Her never-ending journey and exploration of nature’s wonders inspire me to keep looking
closer without losing sight of the big picture.
“The more clearly we can focus our attention on the
wonders and realities of the universe about us, the less
taste we shall have for destruction” (1954).
Taken from www.rachelcarson.org.
(3) Doing science also implies the process of understanding and applying the scientific
process. Scientists are usually involved in investigations that hypothesize how the
physical world and the systems governing it, function.

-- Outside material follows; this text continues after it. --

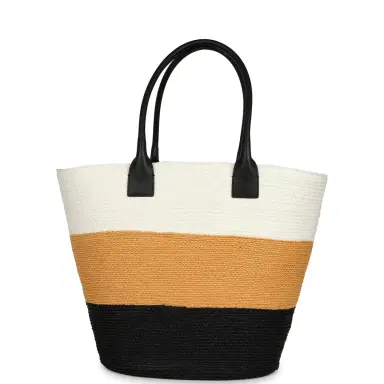 Chanel Chanel Maxi Coco Beach Small Shopping Bag White, Dark Beige, Black Raffia and Calfskin | Thumbnail 4 Chanel Chanel Maxi Coco Beach Small Shopping Bag White, Dark Beige, Black Raffia and Calfskin | Thumbnail 4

A typical investigation using the
scientific process might look like this:
-Identify questions that can be answered through scientific investigations.
- Design and conduct a scientific investigation.
- Develop descriptions, explanations, predictions and models using evidence
- Think critically and logically to make relationships between evidence and explanations.
- Recognize and analyze alternative explanations and predictions, and
- Communicate the scientific procedures and explanations
(Taken from: http://www.nap.edu/readingroom/books/evolution98/evol6-a.html)
What is Science? cont’d
This process can be used on a variety of scientific levels. It can be applied by gradeschool children on a simple field trip to a vernal pool to explore the life that exists there,
or used to determine the existence of global warming by a team of Engineers for the
EPA. Reading through the online version of the National Science Education Standards, I
came across this classification of science:
“Science distinguished itself from other ways of knowing
and from other bodies of knowledge through the use of
empirical standards, arguments, and skepticism.”